> **How to complete this task**: Each entry has to be given again in its exact wording, and no picture may appear in the result.

(Extracted entries)

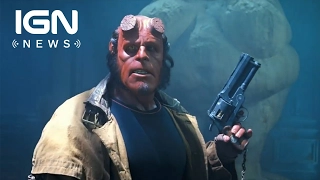 Guillermo del Toro: Hellboy 3 '100% Will Not Happen' - IGN News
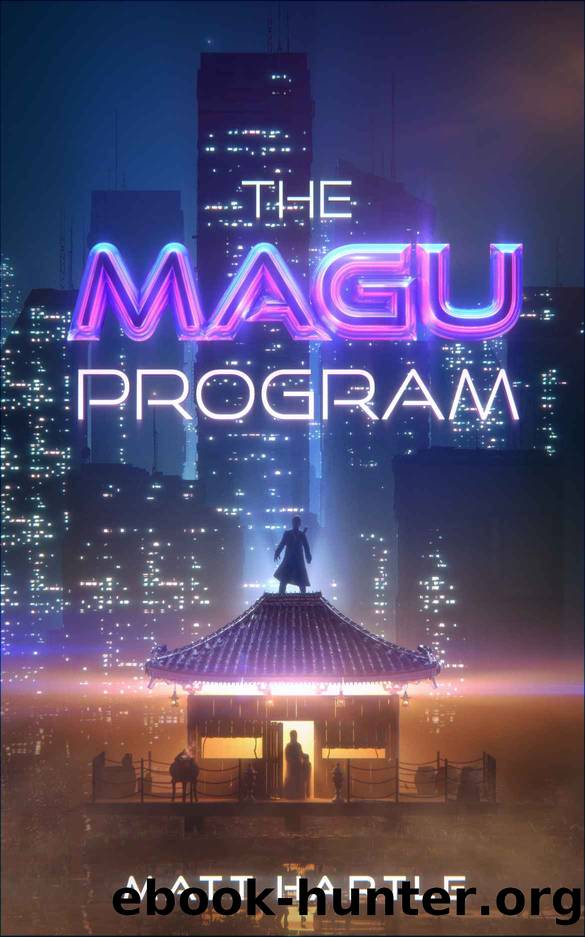 The Magu Program by Hartle Matt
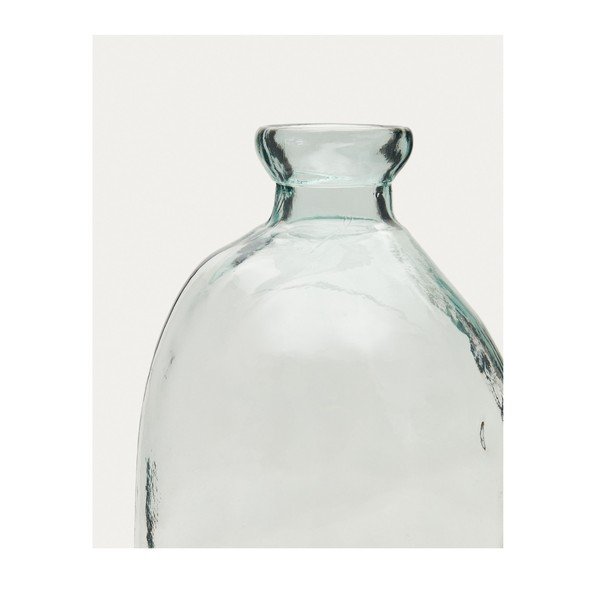 Kõrge vaas taaskasutatud klaasist (kõrgus 75 cm) Brenna - Kave Home-image-2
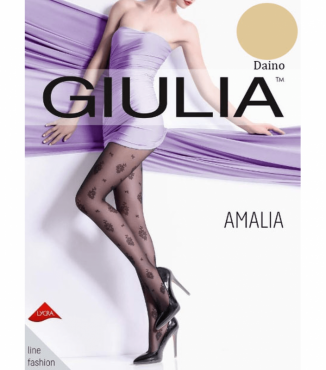 Фантазійні колготки GIULIA Amalia 20 model 2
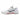 MIZUNO WAVE STEALTH 6 White/Black/Fiery Red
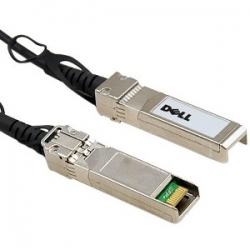 Dell Networking Cable Sfp+ To Sfp+ 10gbe Copper Twinax Direct Attach Cable 5 Meters - Kit 470-aavg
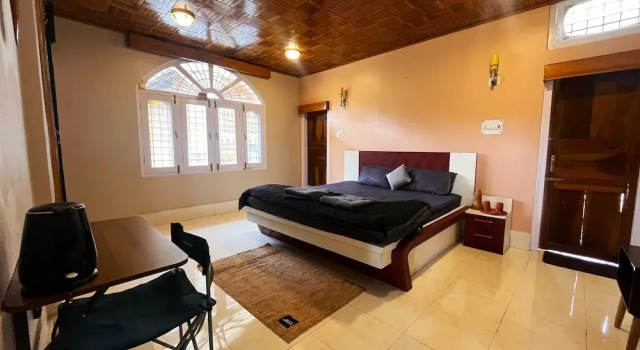 Standard chambre avec balcon Yogstel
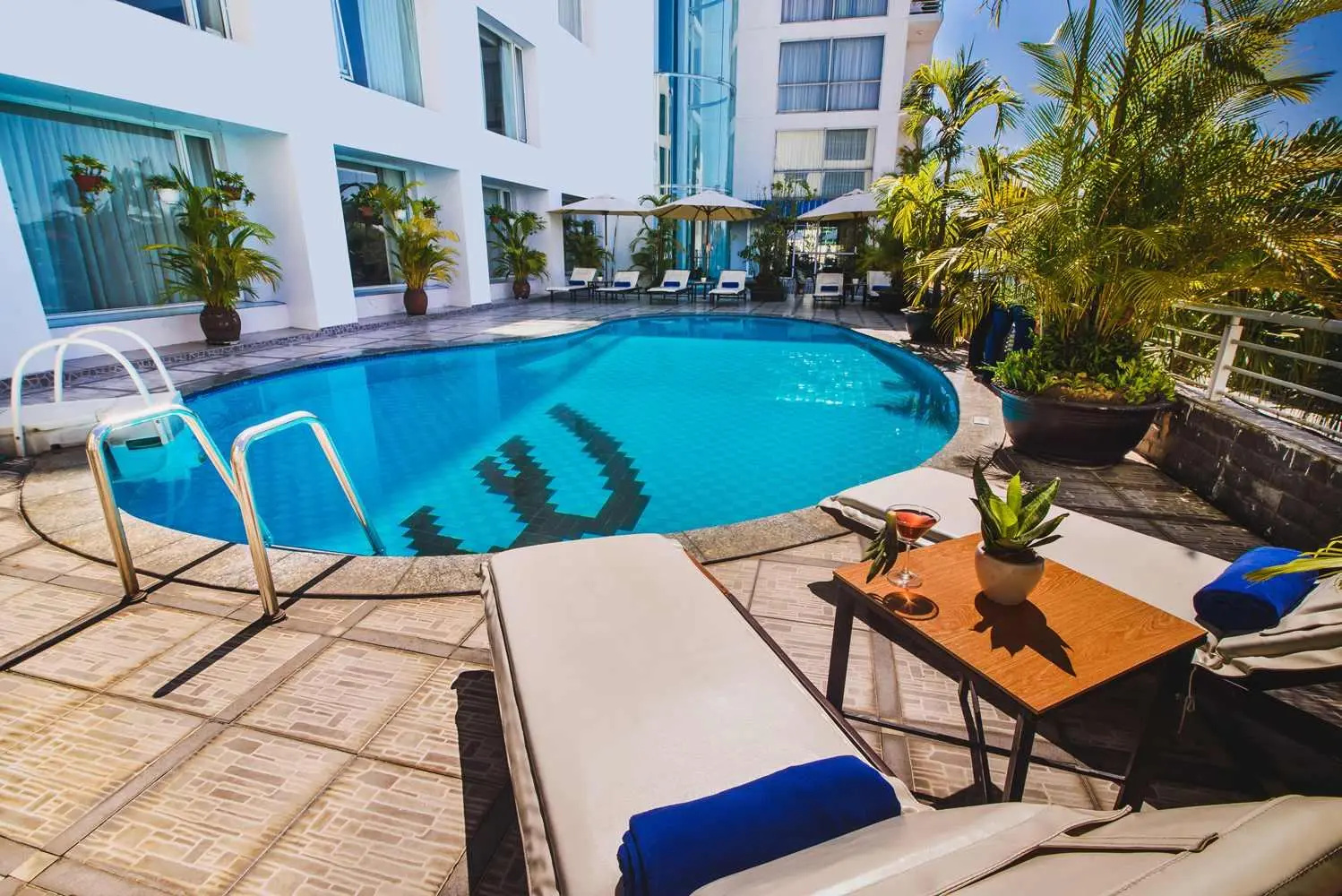 Foto - Mondial Hotel Hue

(End Extracted entries)

> **The completed task**:
 Guillermo del Toro: Hellboy 3 '100% Will Not Happen' - IGN News
 The Magu Program by Hartle Matt
 Kõrge vaas taaskasutatud klaasist (kõrgus 75 cm) Brenna - Kave Home-image-2
 Фантазійні колготки GIULIA Amalia 20 model 2
 MIZUNO WAVE STEALTH 6 White/Black/Fiery Red
 Dell Networking Cable Sfp+ To Sfp+ 10gbe Copper Twinax Direct Attach Cable 5 Meters - Kit 470-aavg
 Standard chambre avec balcon Yogstel
 Foto - Mondial Hotel Hue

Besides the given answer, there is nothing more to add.